▸ **WHAT IS BEING ASKED**
An exact transcription of every entry is required, with the images left out.
──────── DATA PROVIDED
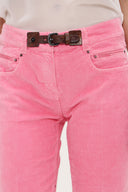 Pink Leather accessories Velvet pants 40754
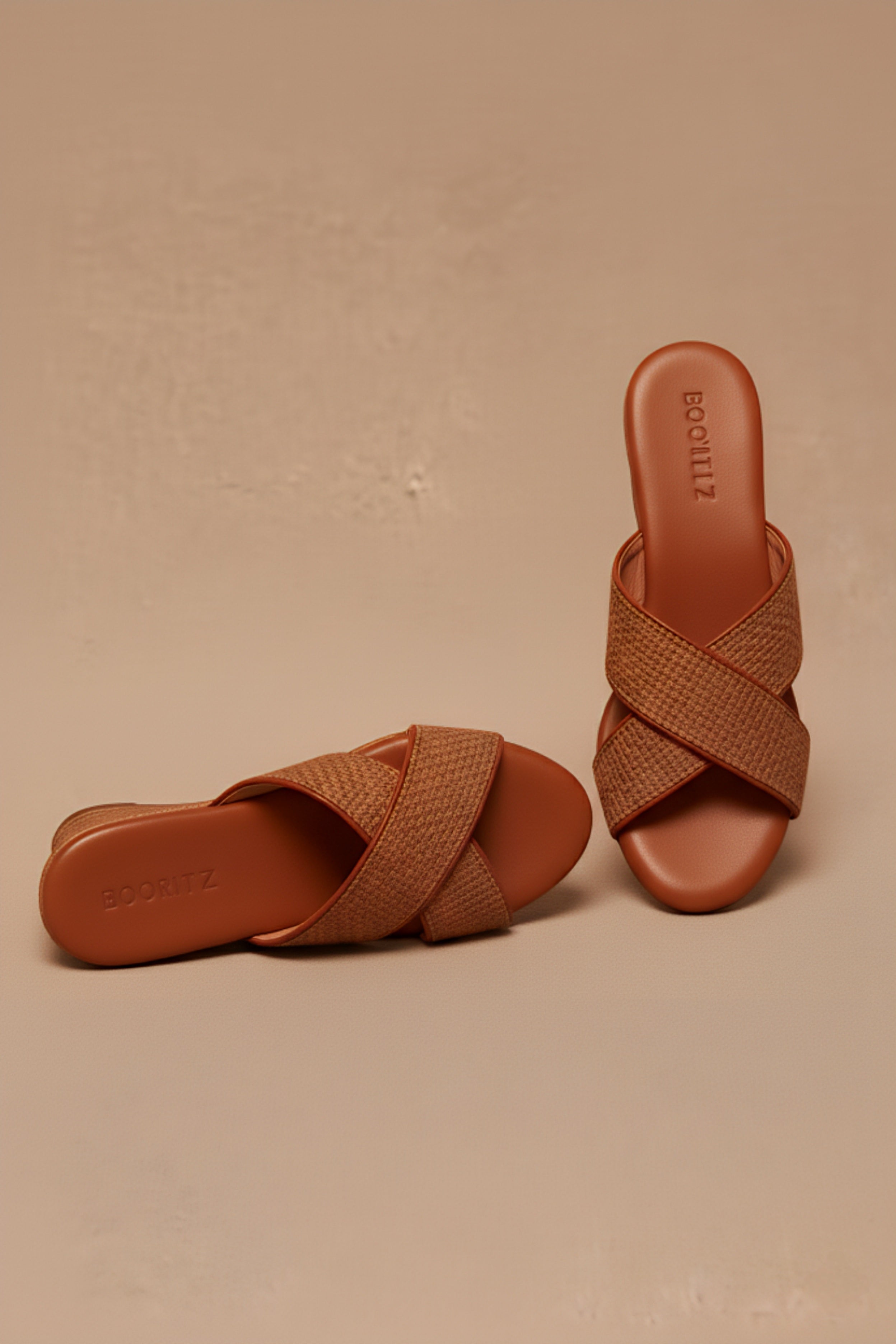 Modesta Tan Open-Back Comfort Wedges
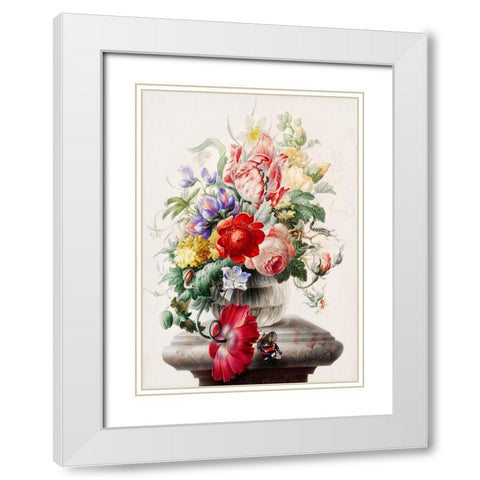 Flowers in a glass vase White Modern Wood Framed Art Print with Double Matting by Henstenburgh, Herman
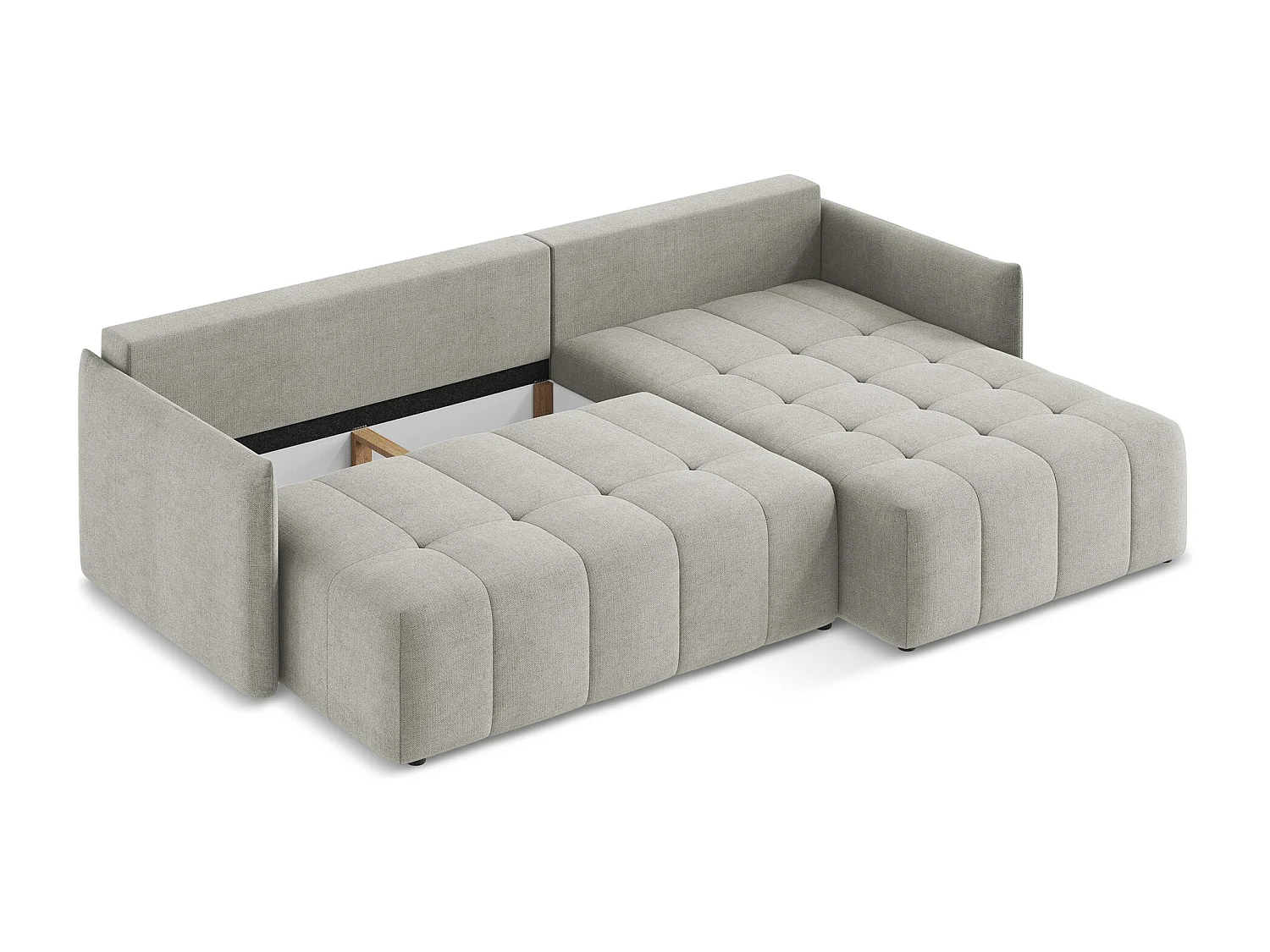 Hoekslaapbank rechts van lichtgrijs textuurstof - MOKU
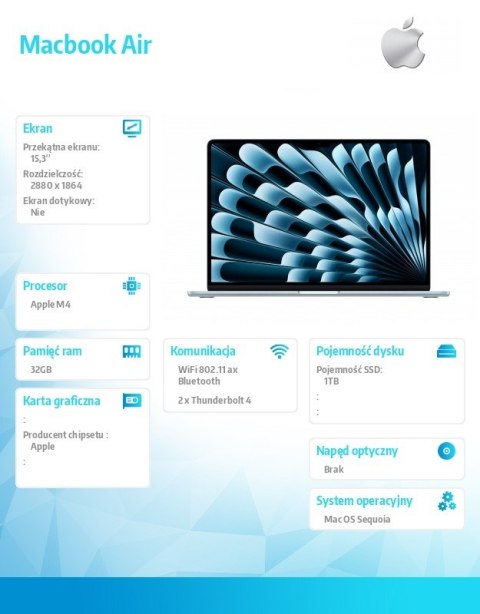 Macbook Air 15.3 M4/10C/10C/32GB/1TB/70W/US Błękitny Macbook Air 15.3 M4/10C/10C/32GB/1TB/70W/US Błękitny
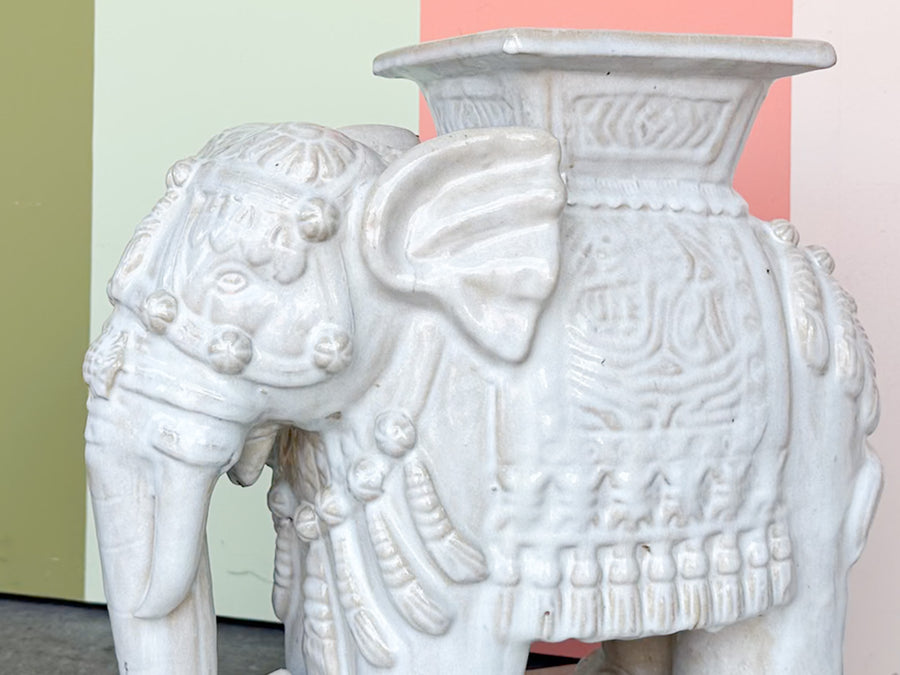 Terracotta White Elephant Garden Seat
────────────────
▸ **EXERCISE OUTPUT**
 Pink Leather accessories Velvet pants 40754
 Modesta Tan Open-Back Comfort Wedges
 Flowers in a glass vase White Modern Wood Framed Art Print with Double Matting by Henstenburgh, Herman
 Hoekslaapbank rechts van lichtgrijs textuurstof - MOKU
 Macbook Air 15.3 M4/10C/10C/32GB/1TB/70W/US Błękitny Macbook Air 15.3 M4/10C/10C/32GB/1TB/70W/US Błękitny
 Terracotta White Elephant Garden Seat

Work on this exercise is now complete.